RECORDS SHOWN »
*** Begin section ***

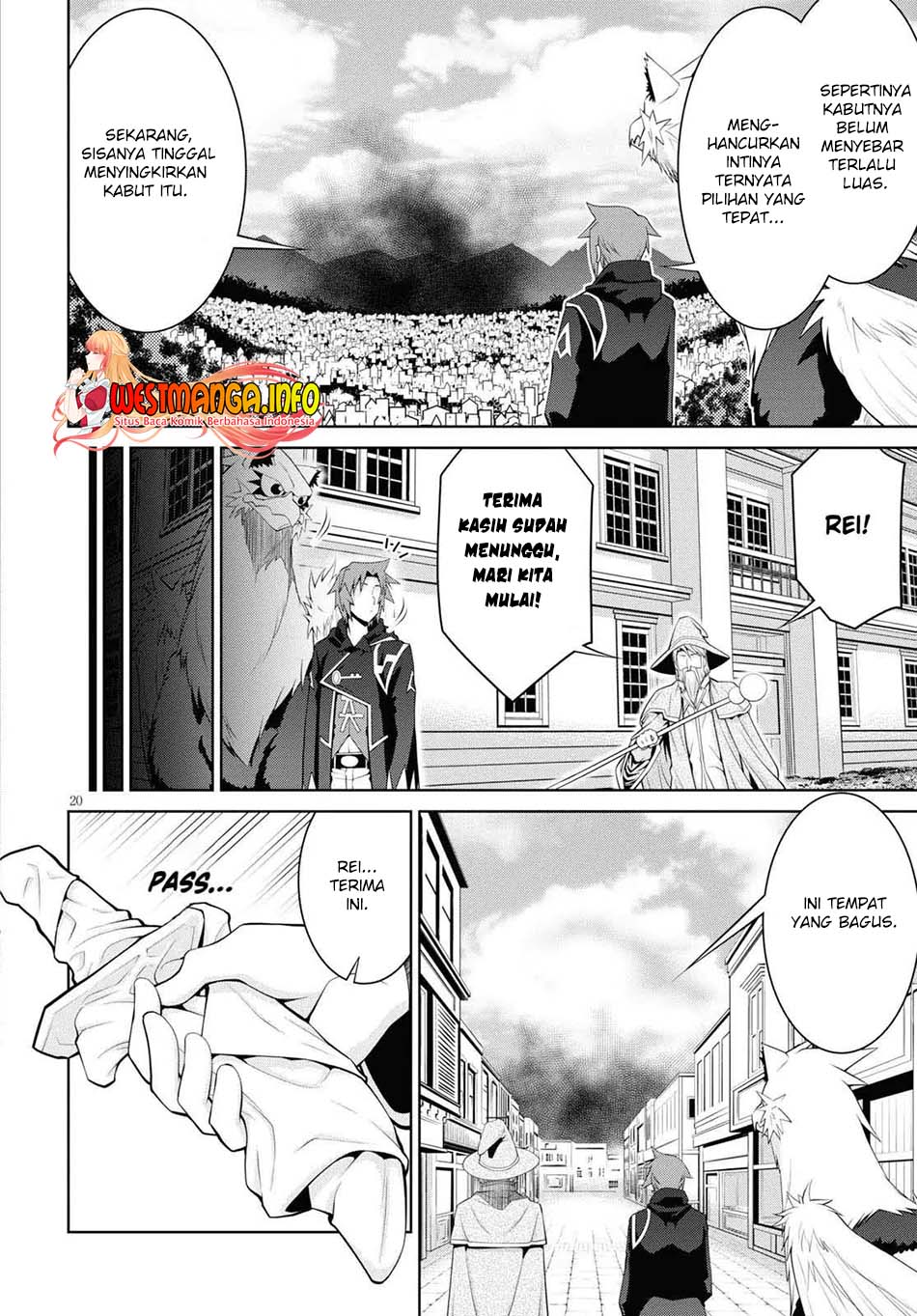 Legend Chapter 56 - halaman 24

*** End section ***
*** Begin section ***

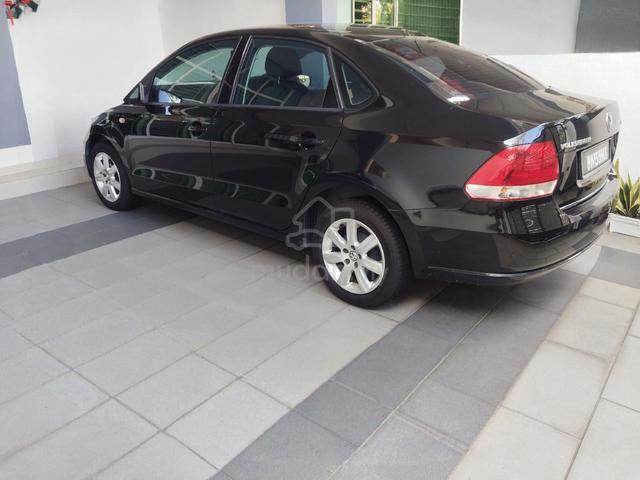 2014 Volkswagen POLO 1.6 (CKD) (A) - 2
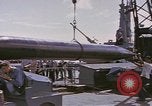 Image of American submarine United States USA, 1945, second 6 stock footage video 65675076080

*** End section ***

Give again, exactly as written above, every line from the one holding "2014 Volkswagen POLO 1.6 (CKD) (A) - 2" to the one holding "Image of American", with both ends kept and the pictures left out.

SOLUTION TO THE EXERCISE »
 2014 Volkswagen POLO 1.6 (CKD) (A) - 2
 Image of American submarine United States USA, 1945, second 6 stock footage video 65675076080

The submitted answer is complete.